The New South Wales government is set to introduce new “no body, no parole” laws, which will deny parole for homicide offenders who refuse to provide information or assistance to locate their victim’s remains.
This follows Chris Dawson’s murder conviction of Lynette Dawson, whose remains have yet to be found.
Such laws offer prisoners an incentive to give up information about the location of their victims’ remains. Similar laws have already been introduced in Northern Territory, Queensland, South Australia, Victoria and Western Australia.
In general, “no body, no parole” laws mandate that parole authorities should deny parole unless they are satisfied about the level of cooperation provided by the prisoner to identify remains, including how early the information was provided.
These laws are designed to provide closure to friends and families of homicide victims, allowing them to bury their loved ones. However, there’s scant evidence they are effective. And they could prove disastrous for people in Australian prisons who have been wrongfully convicted.
What is parole and why is it important?
Parole is the conditional early release of prisoners, allowing them to serve a part of their sentence in the community.
When given a prison sentence, a judge will determine how long an offender must remain in custody (a non-parole period) and at what point they can become eligible to serve the rest of their sentence in the community.
Parole recognises that aims of rehabilitation may be best served by providing opportunities for prisoners to transition back into the community. The courts decide whether a person is eligible for parole, but state parole authorities decide whether or not to release them when the time comes.
Evidence suggests offenders who complete some period of parole before the end of their sentence are less likely to re-offend.
While completing their sentence in the community, parolees also must comply with parole conditions. This can include reporting conditions and mandatory behavioural programs that reduce the risk of re-offending.
Tightening parole exacerbates the issue of overcrowded prisons with offenders capable of being managed in the community being housed at the public expense in correctional facilities.
There is considerable concern in Australia over prisoners “maxing out” their custodial sentence, either by choosing not to apply for parole to avoid conditions upon release, or because of restrictions on parole eligibility such as “no body, no parole” laws.
The effectiveness of ‘no body’ laws
We recently looked into the effectiveness of Queensland’s “no body, no parole” laws, which were passed in 2017.
As our work with RMIT University’s Bridge of Hope Innocence Initiative often involves working with people serving terms of imprisonment while claiming their innocence, evaluating the effectiveness of such laws and their risk for the wrongfully convicted is of considerable interest.
Most Australian jurisdictions don’t publish their parole decisions. However Queensland does – specifically for “no body” law outcomes.
Our analysis showed that of the ten cases that came before the parole board during our collection period, six involved cooperation by the applicant but none resulted in remains being found.

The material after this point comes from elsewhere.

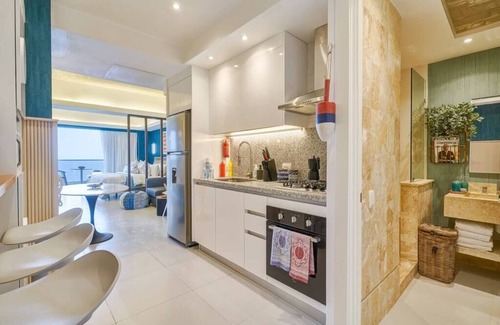 Juan Dolio - El Pueblo Apartment | Stunning Waterfront Studio w/Balcony at Juan Dolio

The Queensland case of Graeme Evans, who was convicted of manslaughter over the death of his former partner Leeann Lapham in 2018, has been cited in the media as an example of “no body” laws working effectively.
However, Evans pleaded guilty to the offence and was not eligible for parole at the time when he helped investigators find Lapham’s remains.
This example is only related to “no body” laws because the detective in charge of the case has claimed he used the threat of those laws to convince Evans to cooperate.
We believe “no body” laws lack evidence to support their use and may offer false hope to victims’ families if remains cannot be found. They rely on many assumptions about how crimes occur, how offenders may cooperate, and effective policing investigations post-disclosure.
They may also prove disastrous for the wrongfully convicted.
What about the wrongfully convicted?
We have no idea how many people have been wrongfully convicted in Australia. An estimate based on research from the United States indicates up to 3% of all convictions may be wrongful. But the reality is we have no way of finding out.
A person can be found guilty of a crime they didn’t commit for a variety of reasons, including eyewitness misidentification, improper forensic evidence, coerced or otherwise false confessions, or police misconduct.
Wrongful convictions remain a persistent risk within our criminal justice system, even when high standards of procedural justice are upheld.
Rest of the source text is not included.